▶ **Task description**
Starting at the line that contains "Los Angeles, CA 90068,2646 Rinconia DR" and stopping at the line that contains "Ford Escort 2021 Белый из Китая, фото 2", restate each line of the records below exactly. Omit the pictures.
*** Records provided Section Begins ***
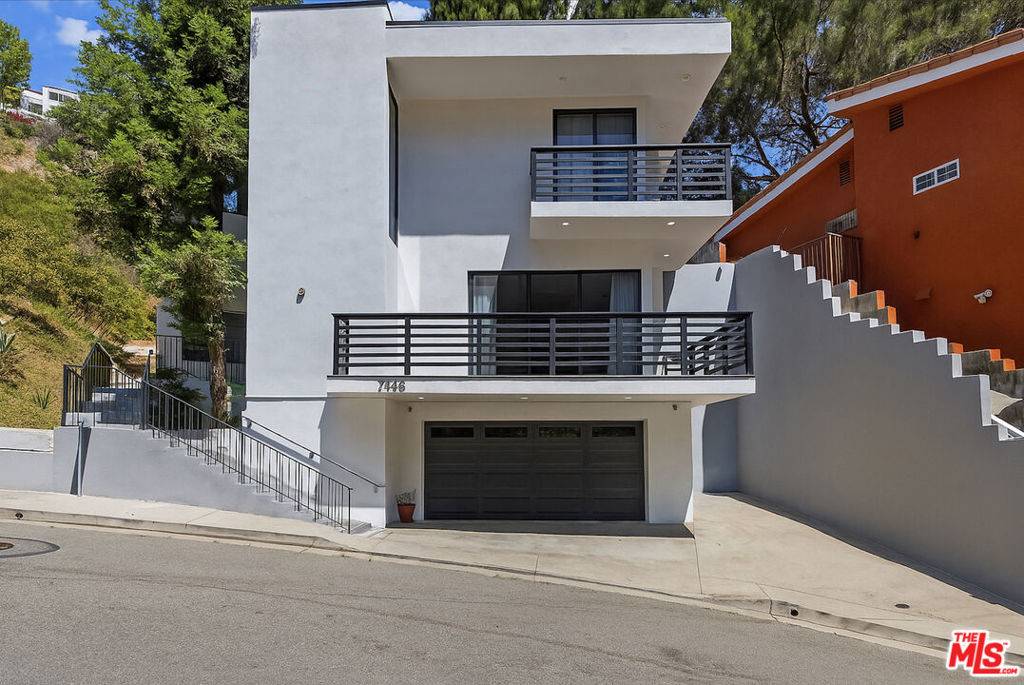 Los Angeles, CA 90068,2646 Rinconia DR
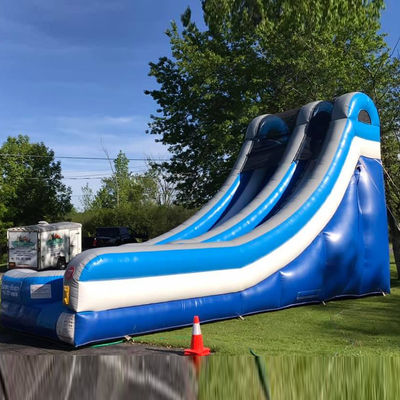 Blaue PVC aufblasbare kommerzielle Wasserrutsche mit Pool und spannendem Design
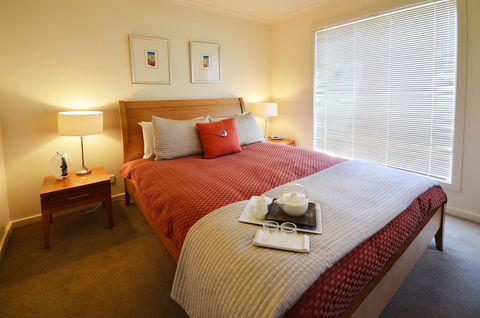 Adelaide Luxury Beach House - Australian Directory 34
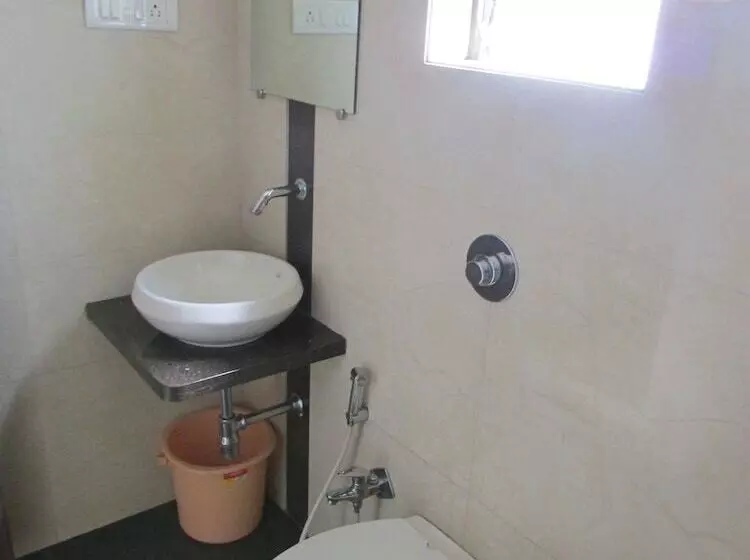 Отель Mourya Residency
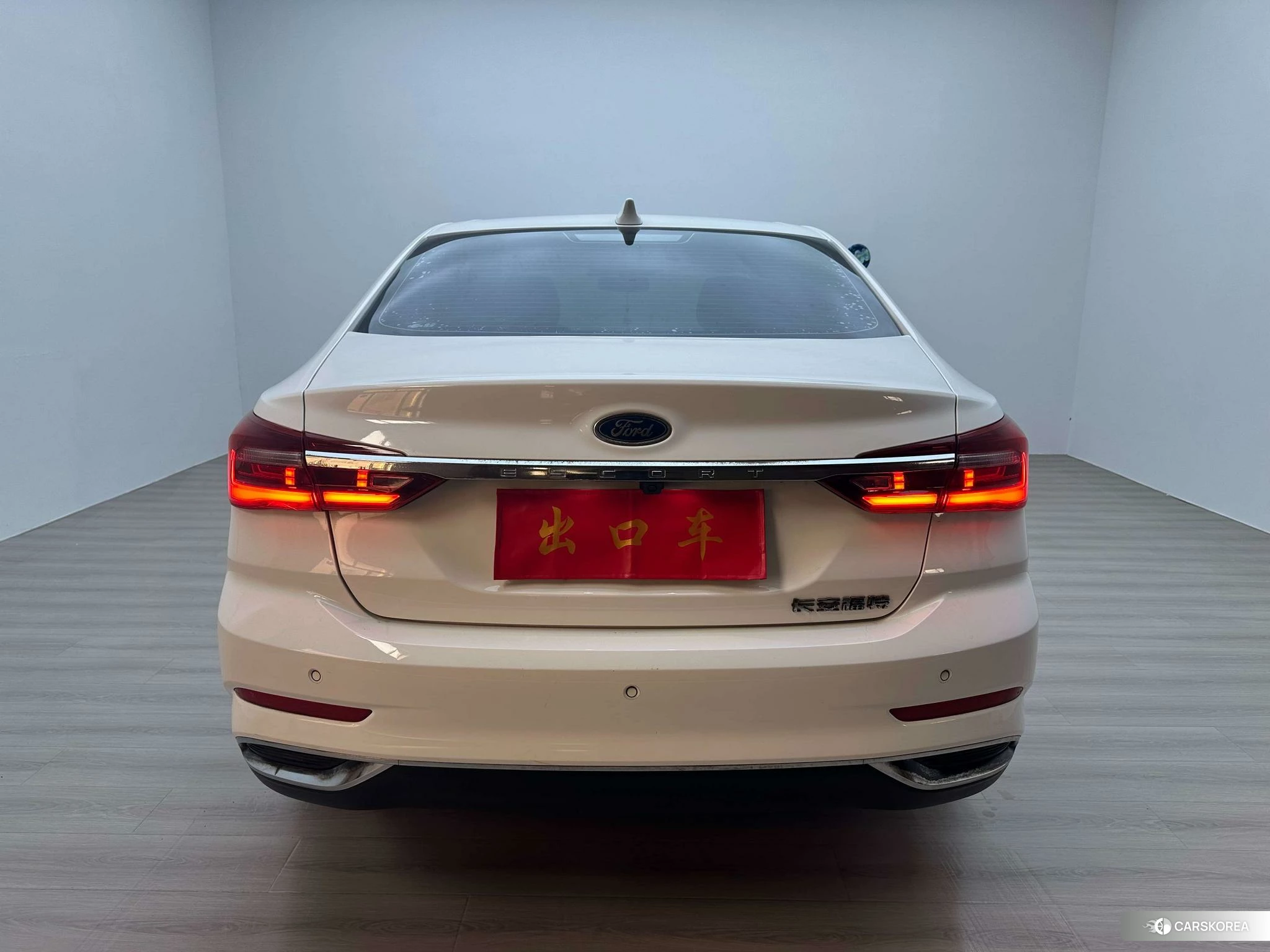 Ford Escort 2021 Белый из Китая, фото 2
*** Records provided Section Ends ***
*** Records provided Section Begins ***
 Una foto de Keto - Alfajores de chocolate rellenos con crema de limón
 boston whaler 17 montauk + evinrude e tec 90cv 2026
*** Records provided Section Ends ***
▶ **Task response**
 Los Angeles, CA 90068,2646 Rinconia DR
 Blaue PVC aufblasbare kommerzielle Wasserrutsche mit Pool und spannendem Design
 Adelaide Luxury Beach House - Australian Directory 34
 Отель Mourya Residency
 Ford Escort 2021 Белый из Китая, фото 2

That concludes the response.